Sky infatti ha sorpassato Mediaset e Rai, con la quota più alta di ricavi e la minore flessione. Le stime Agcom riferite al 2012 parlano di un totale ricavi televisivi pari a 8 miliardi 224 milioni 190mila euro, che nella suddivisione si traducono in 2 miliardi 631 milioni e 620mila euro per Sky, con una flessione dell’1,4% “a riprova – dice la relazione dell’Agcom – della maggiore capacità di tenuta della televisione a pagamento”. Per Mediaset invece ricavi pari a 2 miliardi 487 milioni e 790mila euro, con flessione però di ben il 13,2%. “Il costo di una pay tv come Sky per media giornaliera – evidenzia Benedetto – è infatti simile a quello di un quotidiano, con la differenza che la tv la vedono tutti. E conta su ricavi pubblicitari che equivalgono a quelli di un grande quotidiano come il Corriere della Sera”. Tutti soldi che prima finivano nelle casse della carta stampata, insomma.

Un declino lungo anche in Usa

Anche negli Usa il declino dei giornali cartacei “è cominciato molto prima di internet. Non a caso, ha coinciso con lo sviluppo delle pay tv. Anni fa – prosegue – il sistema televisivo americano si basava su tre o quattro network nazionali che, tra l’altro, si vedevano solo nelle grandi metropoli. La vecchia serata di un americano medio? Fatta di birra, poltrona e un giornale da leggere. Ma oggi, con oltre cento canali tv, il declino della carta stampata è assicurato. E lo stesso fenomeno si è verificato in Gran Bretagna, dove la crisi dei giornali tradizionali è arrivata insieme a quella dei pub. La gente resta a casa, con il telecomando in mano pronto ad una scelta immensa. Il declino del quotidiano insomma è molto più lungo di quanto ci si possa immaginare, e, soprattutto, è partito prima che arrivasse l’era internet”.

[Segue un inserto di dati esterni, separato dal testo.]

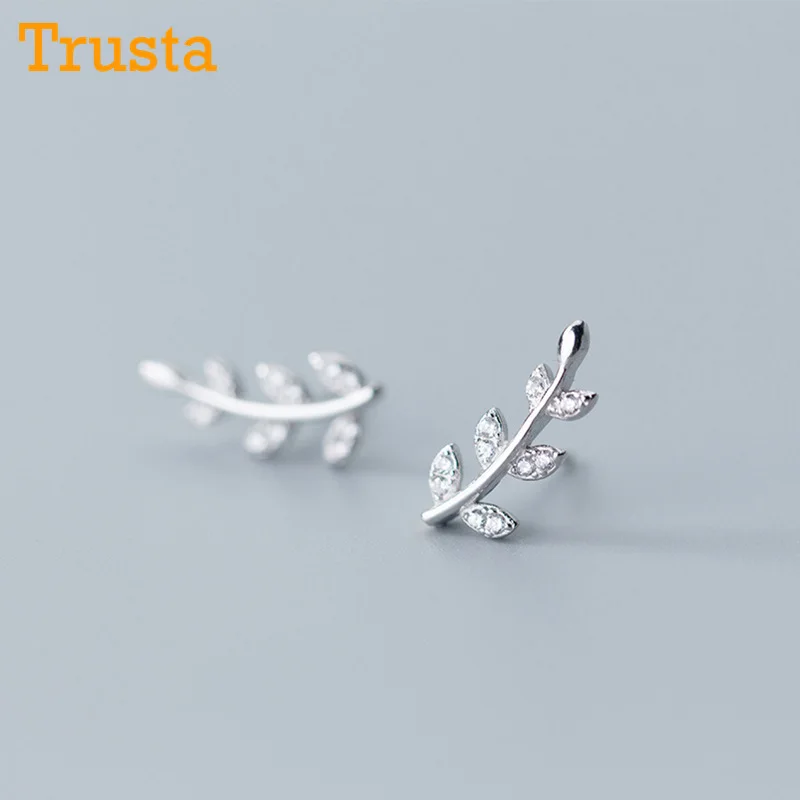 Trusta, 925 пробы, серебряный, модный, маленький лист с фианитами, 14 мм X 6 мм, серьги-гвоздики, подарок для школьниц, дочери, подарок, DS725
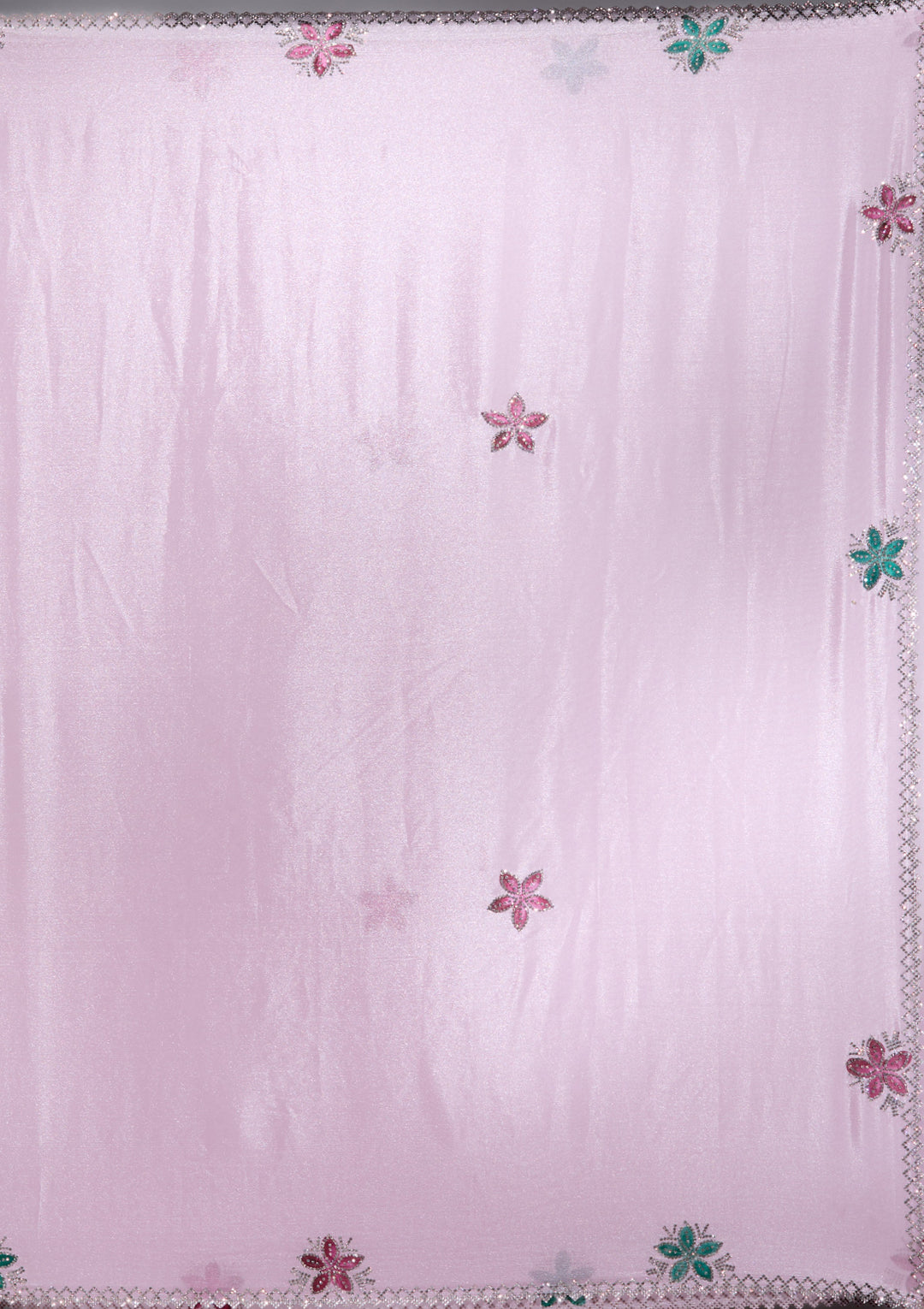 Lavender Silver Stonework Satin Saree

Le conseguenze delle quotazioni in Borsa

Ma non solo pay tv. Secondo Benedetto “ad aggravare la situazione è stata la decisione di quotare in borsa dei grandi giornali, che ha introdotto nel settore logiche inesorabili, parametri di crescita e prospettive che impongono tagli e risparmi”.

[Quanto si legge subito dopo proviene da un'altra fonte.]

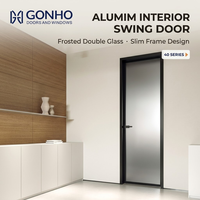 Porte intérieure en verre dépoli avec cadre en aluminium pour projets de chambres et salles de bain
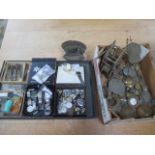 Two old clock movements, assorted pendulums, watches, movements and tools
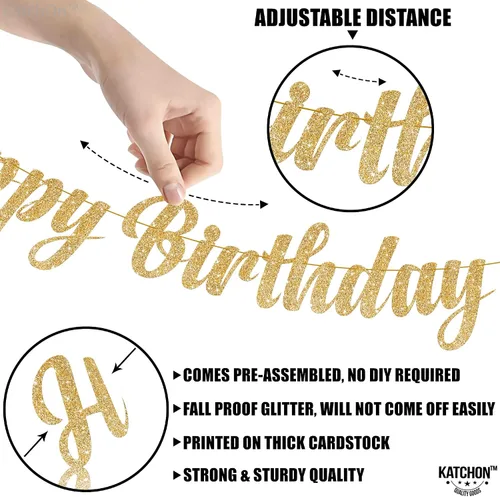 Miniatura 3 de KatchOn, Cartel de feliz cumpleaños dorado con purpurina – 10 pies, sin bricolaje Cartel dorado de feliz cumpleaños Cartel dorado de feliz Oro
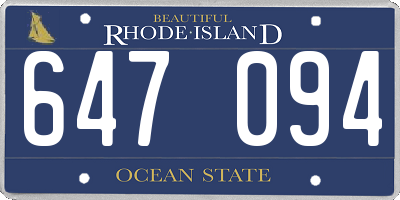 RI license plate 647094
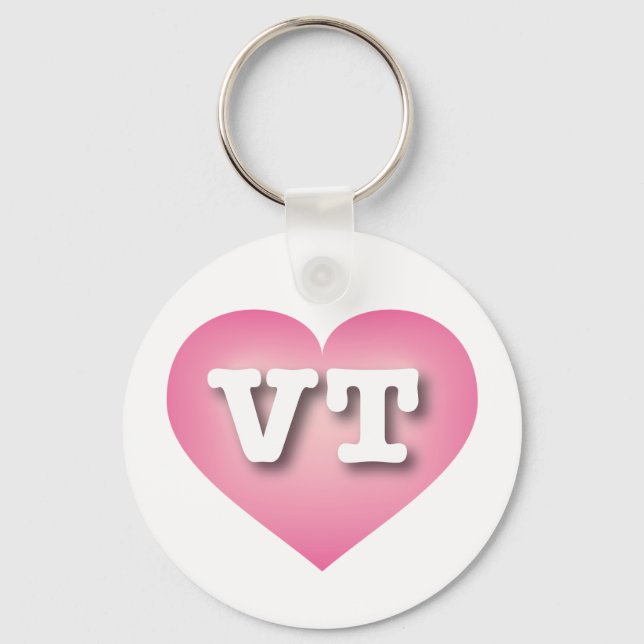 Porte-clés Vermont Rose Fade Heart - J'aime VT (Recto)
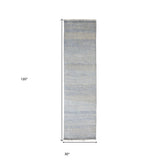 8' x 10' Blue and Silver Wool Striped Hand KNotted Area Rug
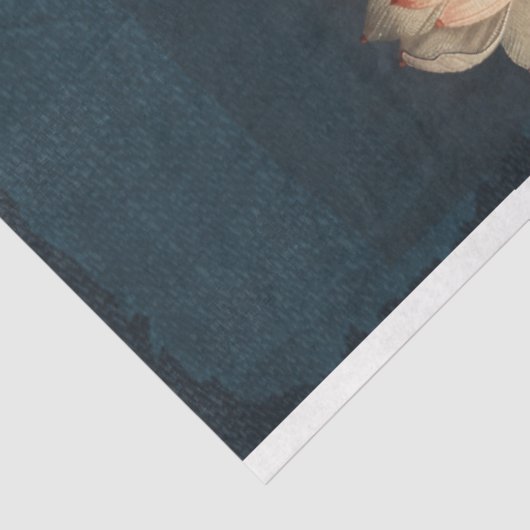 Lotus Bloemen & middernachtblauw, Gemengde Media-e Tissuepapier (Detail)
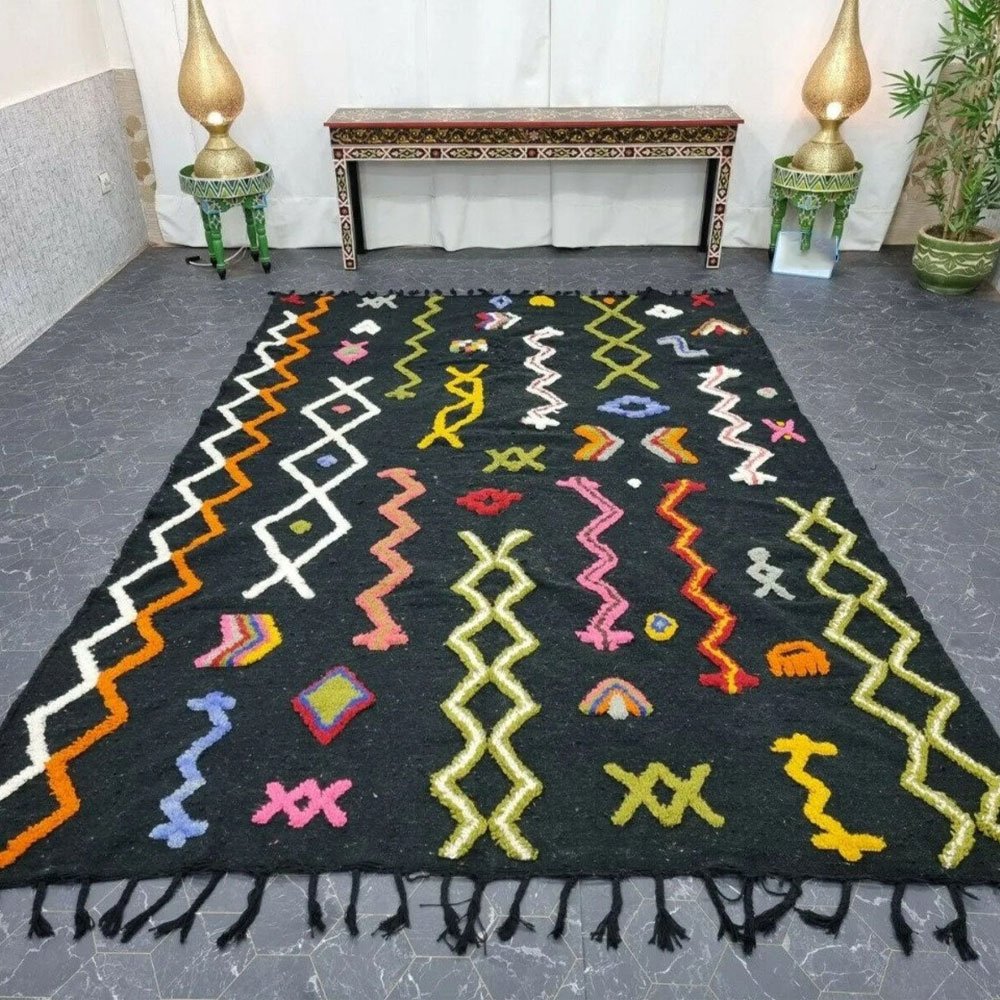 Tapis kilim berbère tribal noir Tapis kilim berbère tribal noir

I veri nemici dei giornali

Oggi ci troviamo in un “momento di trasformazione, con una struttura dei costi vecchia e con fatturati che non ci sono più, tra l’altro mangiati dalla televisione. Bisogna pensare a recuperare le spese sostenute in attesa di momenti migliori, quando ripartirà il mercato pubblicitario nel frattempo rovinato anche dalla Rai”, che abbatte la concorrenza vendendo spazi a bassi prezzi. “Altro che internet – conclude infatti Benedetto -. I grandi nemici dei giornali sono Rai e Sky”.